• What is required:
Print all entries below exactly, without images.

• Data:
::::::

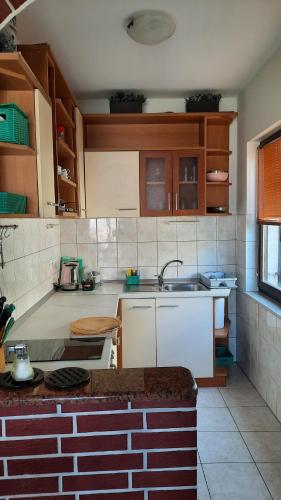 Apartman Maja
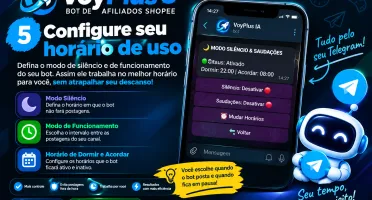 Encontre Ofertas No Mercado Livre E Shopee Automaticamente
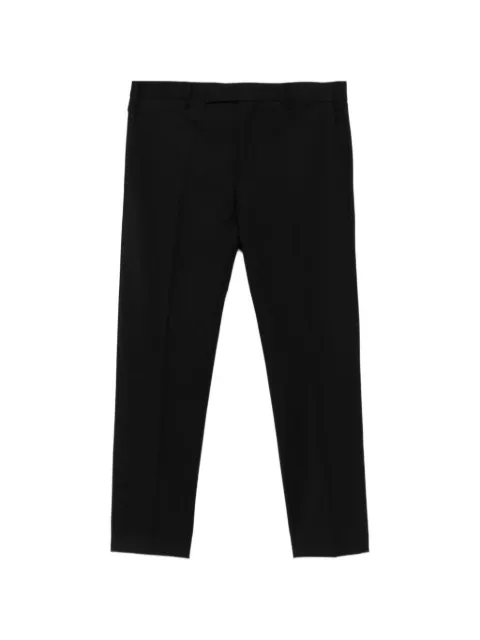 PT Torino concealed-fastening skinny trousers
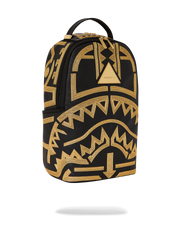 A.I.8 AFRICAN INTELLIGENCE PATH TO THE FUTURE II BACKPACK (DLXV)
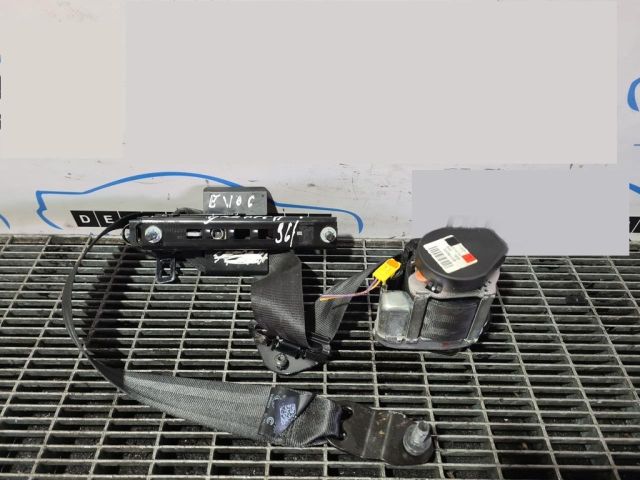 bontott LAND ROVER RANGE ROVER Jobb első Biztonsági Öv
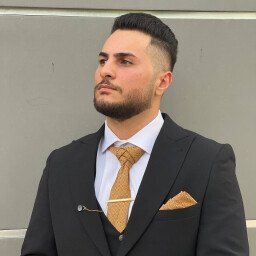 List by Fahad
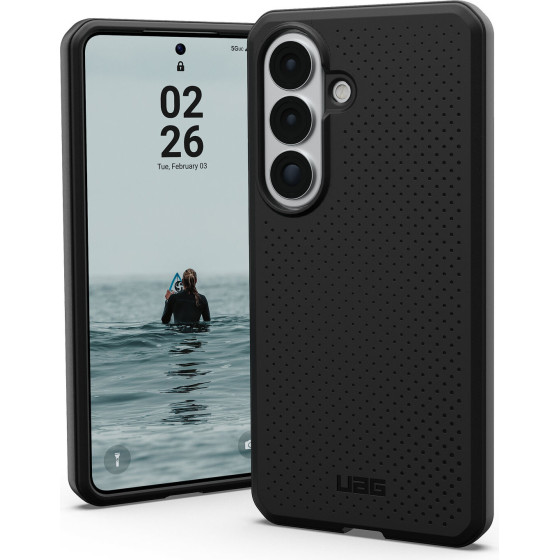 UAG Dot, Black - Samsung Galaxy S2026 - (214521114040)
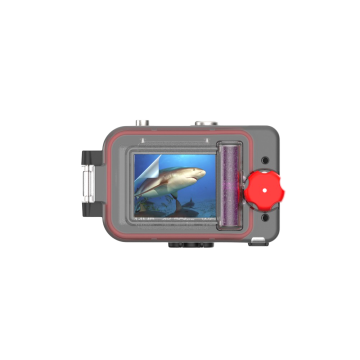 Screen Shield for RM-4K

::::::

• Result of this exercise:
 Apartman Maja
 Encontre Ofertas No Mercado Livre E Shopee Automaticamente
 PT Torino concealed-fastening skinny trousers
 A.I.8 AFRICAN INTELLIGENCE PATH TO THE FUTURE II BACKPACK (DLXV)
 bontott LAND ROVER RANGE ROVER Jobb első Biztonsági Öv
 List by Fahad
 UAG Dot, Black - Samsung Galaxy S2026 - (214521114040)
 Screen Shield for RM-4K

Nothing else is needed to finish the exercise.